+++ The data

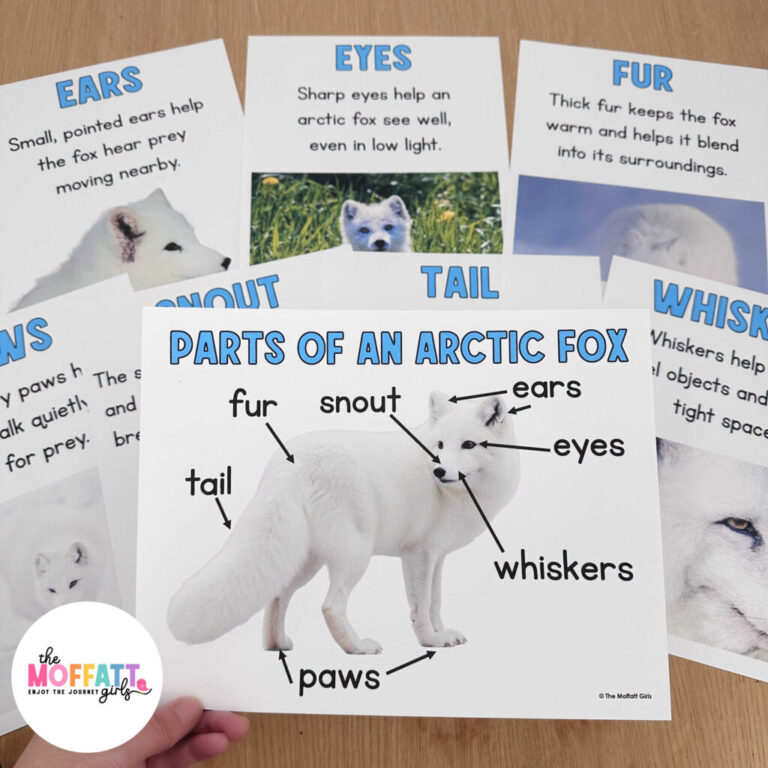 Arctic Fox Science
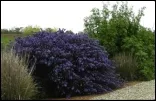 Hedgerow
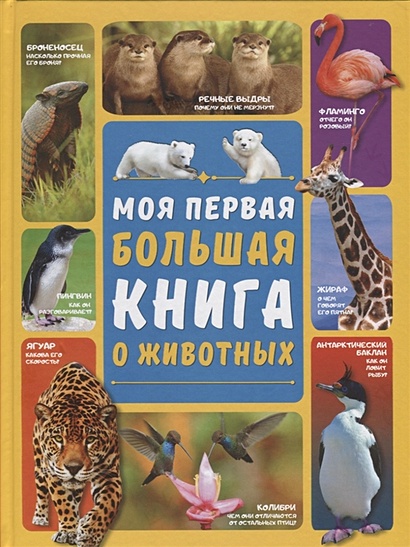 Моя первая большая книга о животных - фото 1
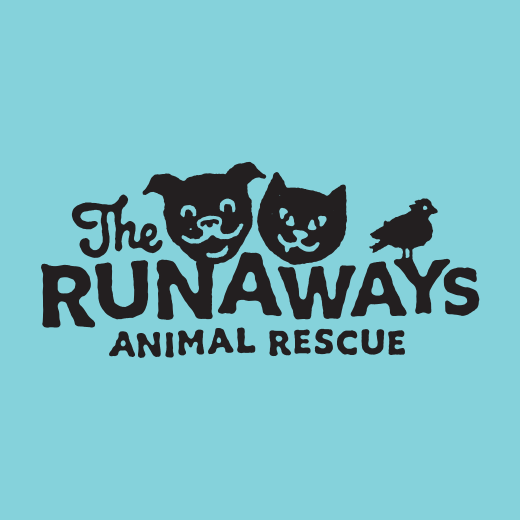 Cats at The Runaways Animal Rescue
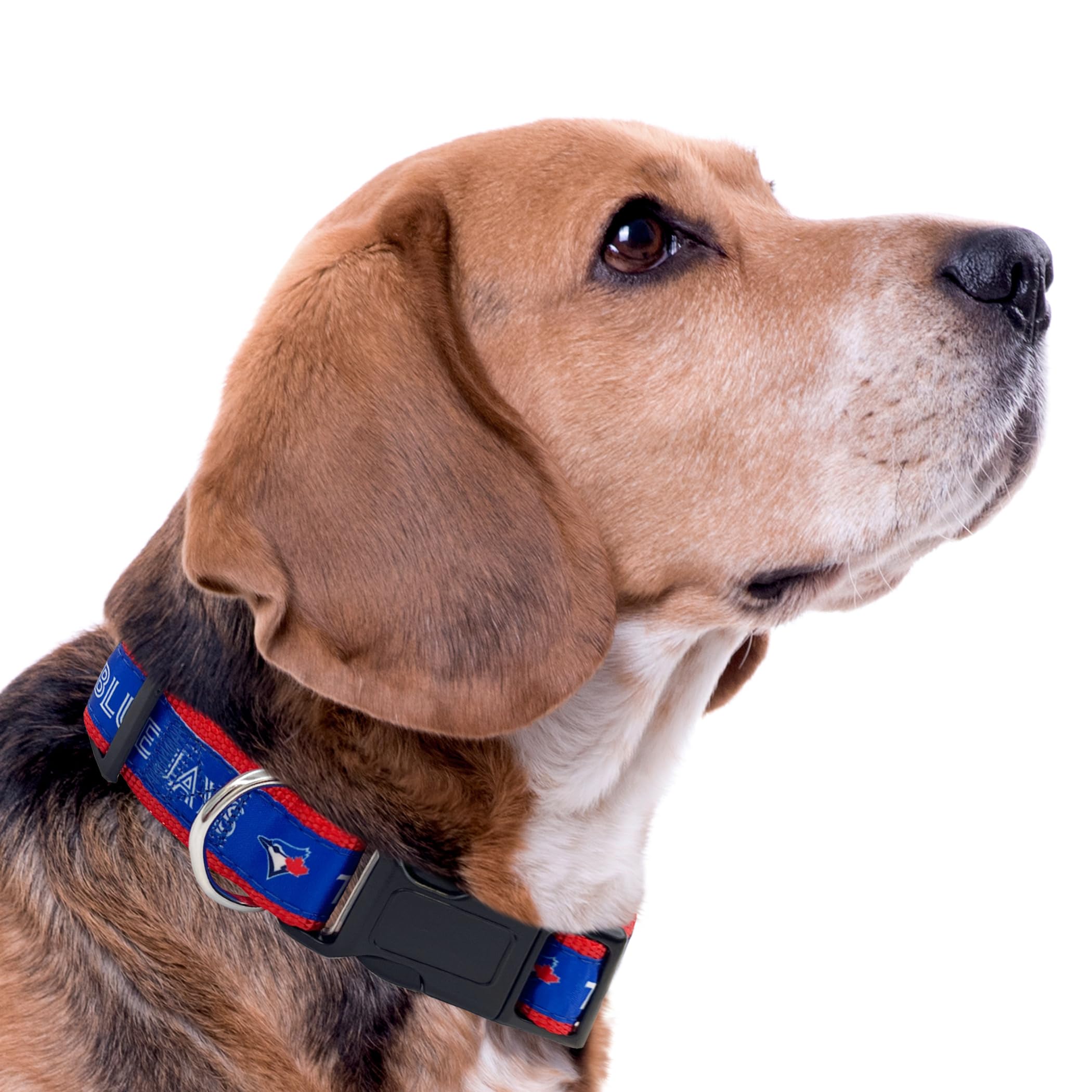 Mlb Toronto Blue Jays Dog & Cat Collar, X-Large. Baseball Team Collar For Dogs & Cats. Shiny & Colorful, Licensed By The Mlb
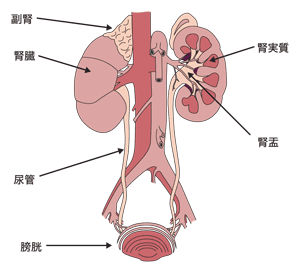 図：泌尿器の臓器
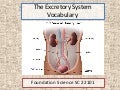The excretory system2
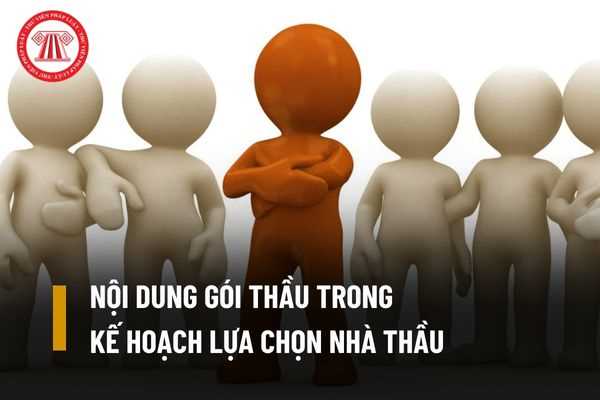 Nội dung gói thầu để lựa chọn nhà thầu có bắt buộc phải có đồng thời kết quả thẩm định giá và bản báo giá hay không?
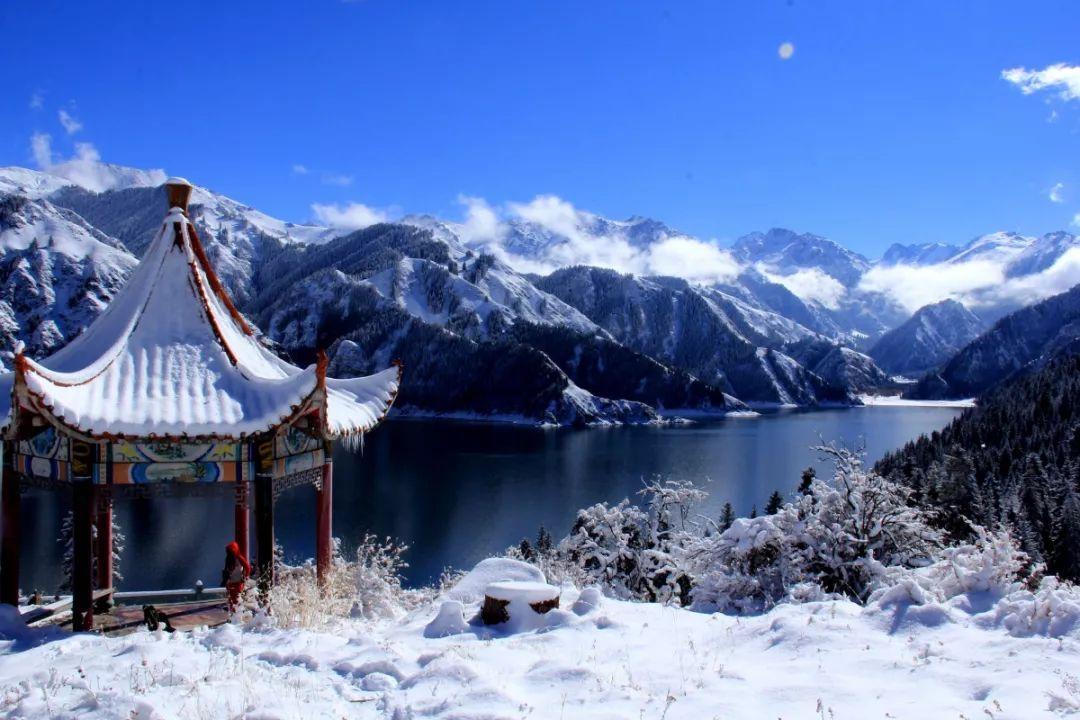 逃离医生的家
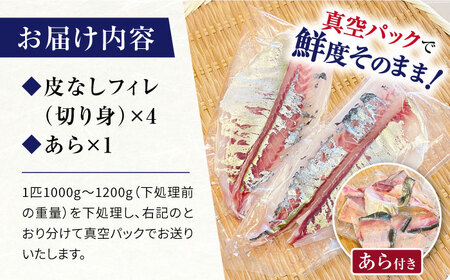 先行予約 シマアジ 堪能5点 [CBW006] アジ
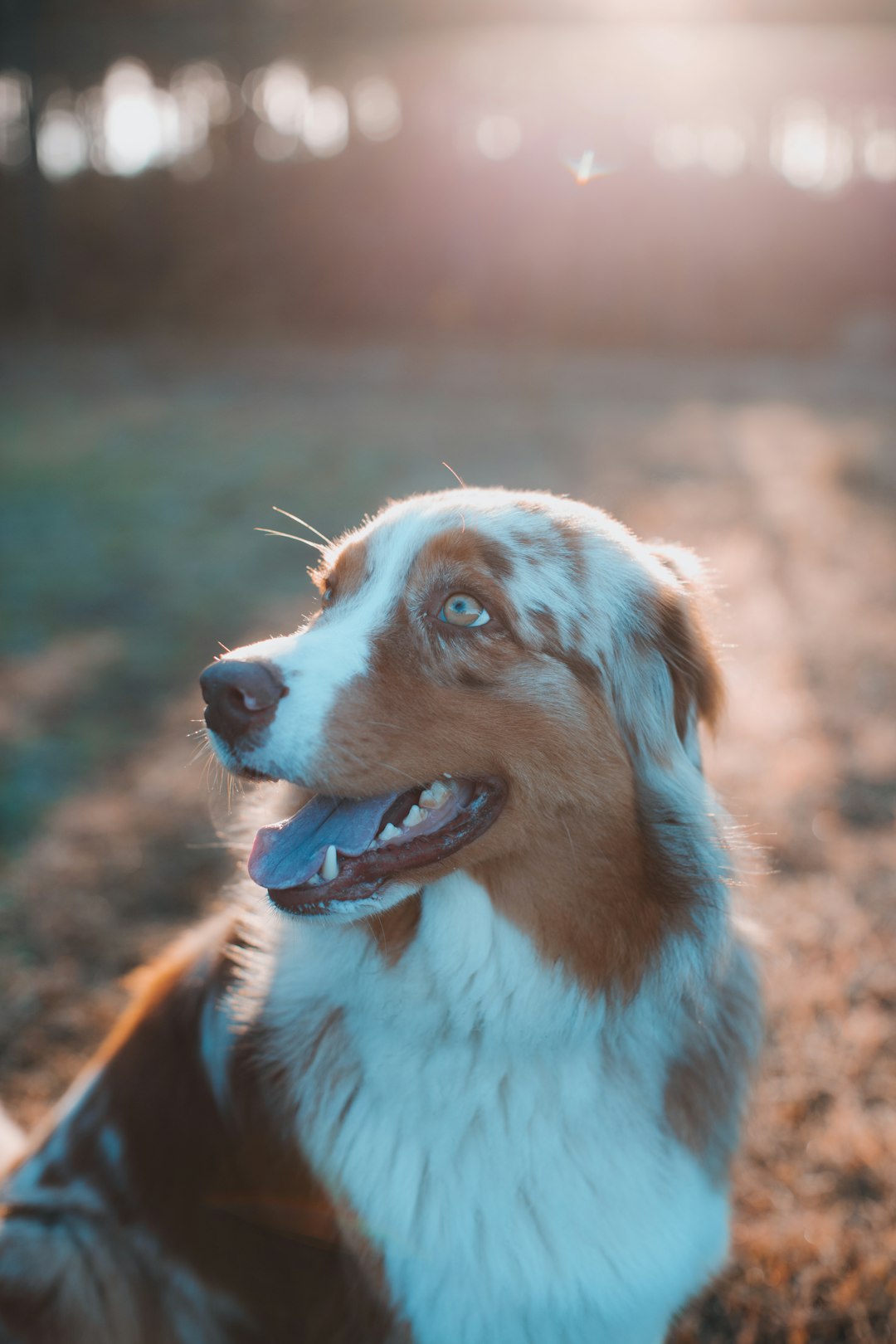 selective focus photography of brown and white dogs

++++++

Exercise prompt =>
Every entry above needs to be duplicated precisely, and none of the pictures should appear.

Solution to this task =>
 Arctic Fox Science
 Hedgerow
 Моя первая большая книга о животных - фото 1
 Cats at The Runaways Animal Rescue
 Mlb Toronto Blue Jays Dog & Cat Collar, X-Large. Baseball Team Collar For Dogs & Cats. Shiny & Colorful, Licensed By The Mlb
 図：泌尿器の臓器
The excretory system2
 Nội dung gói thầu để lựa chọn nhà thầu có bắt buộc phải có đồng thời kết quả thẩm định giá và bản báo giá hay không?
 逃离医生的家
 先行予約 シマアジ 堪能5点 [CBW006] アジ
 selective focus photography of brown and white dogs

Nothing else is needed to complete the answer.